Overdubbed by mistake

Mac OS X 10.8.5. Audacity 2.0.5 (the README.txt says that, but the About under Audacity on the program itself is greyed out and unavailable).

I am a complete novice, have never used Audacity to record before, only to play with recordings made elsewhere. I was using an older version of Audacity (also greyed out, so I don’t know which), when I recorded an interview yesterday. I started and stopped it a couple of times. Today I play it back and one part of the voice recording is overlayed on another. So neither are really possible to transcribe. Can I separate these two tracks? If so, how? I am so much the novice I couldn’t work out if I had overdubbed or what I had done, completely unwittingly.
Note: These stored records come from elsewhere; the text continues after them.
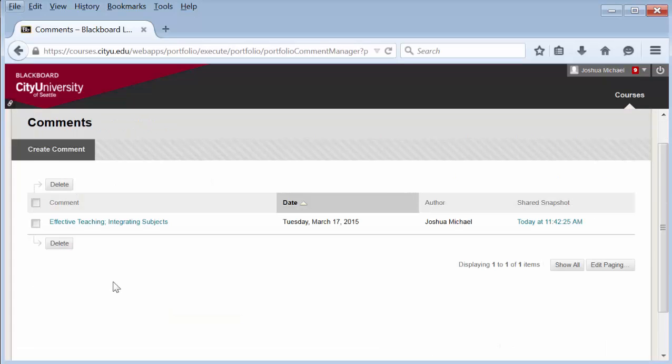Either way takes you here. All comments will be listed, and you can add your own comment or delete comments. Once you're done, you can hit OK.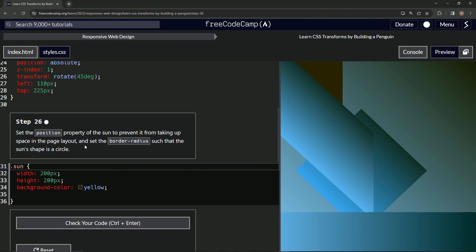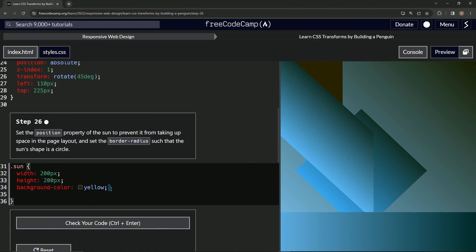We'll set the border-radius such that the sun's shape is a circle. It gave me trouble in rehearsal too. I forgot what we're doing - oh, position. Position is now absolute.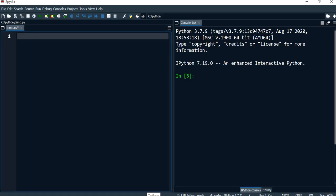Hi everyone. In this video I'm going to write a program that asks the user to enter the temperature for today and then uses if, elif, else statements to display different messages.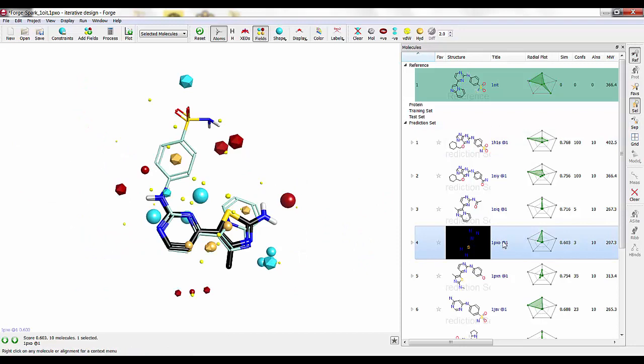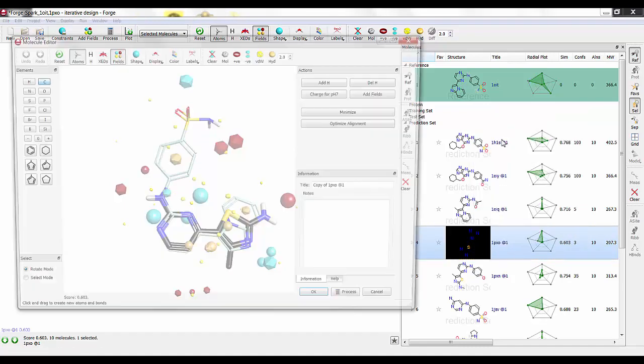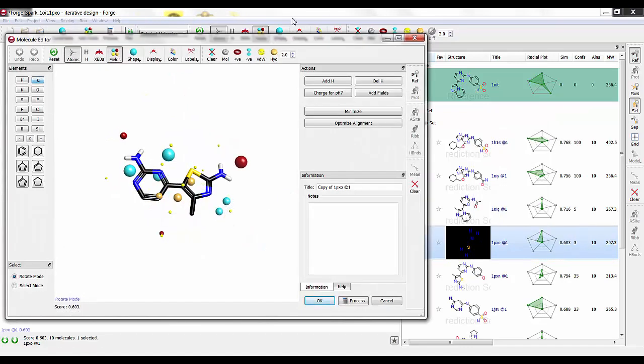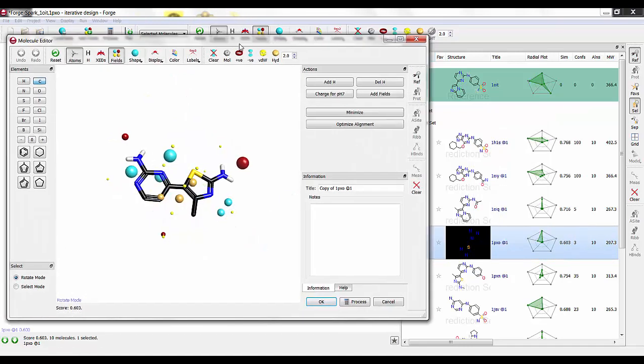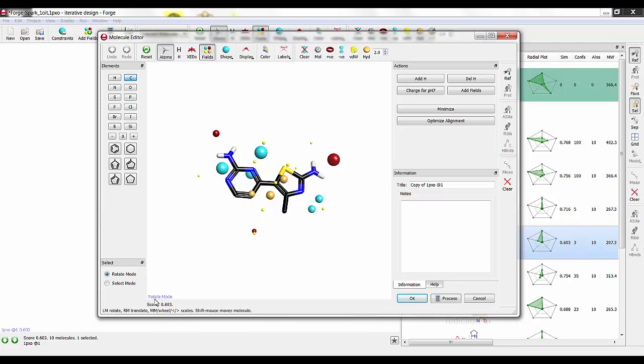Now what I want to do is I'm going to right-click on this 1PXO entry in the molecule table, and I'm going to edit a copy. So I'm going to create a copy of it in the molecule editor. What we see now is we have that 1PXO ligand.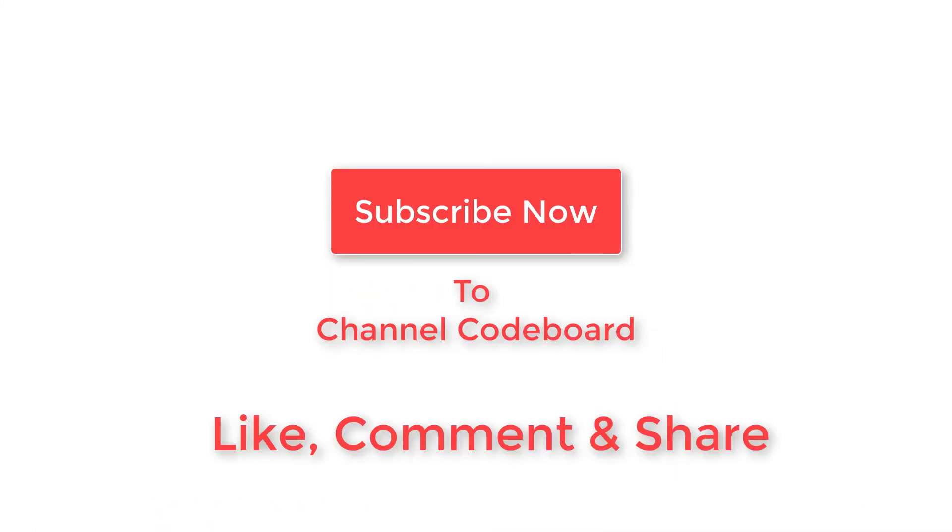That's it for today. Please like and share my videos. Put your feedback and comment. And as always, please subscribe to my channel. Bye for now.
If you stopped Audacity dead and started it up again, Audacity would have started a new track directly under the old one. They will both play at the same time unless you tell them not to. That’s not overdubbing unless you set that up for your guitar solos earlier in the week.

Use the SOLO and MUTE buttons to the left of each track to select one or the other. Did I hit it?

Koz

Many Audacity tools stop working if you PAUSE rather than Stop.

Next time you do this, Pause the recording and set up for the next session (don’t touch the computer while Audacity is in Pause), or Stop and use Append Record (Shift-R) to jam the new recording at the end of the old one.

Koz

You hit it both times. Thank you for such excellent help to a beginner!

We are overjoyed you didn’t ask us to make your voice just like Justin Timberlake.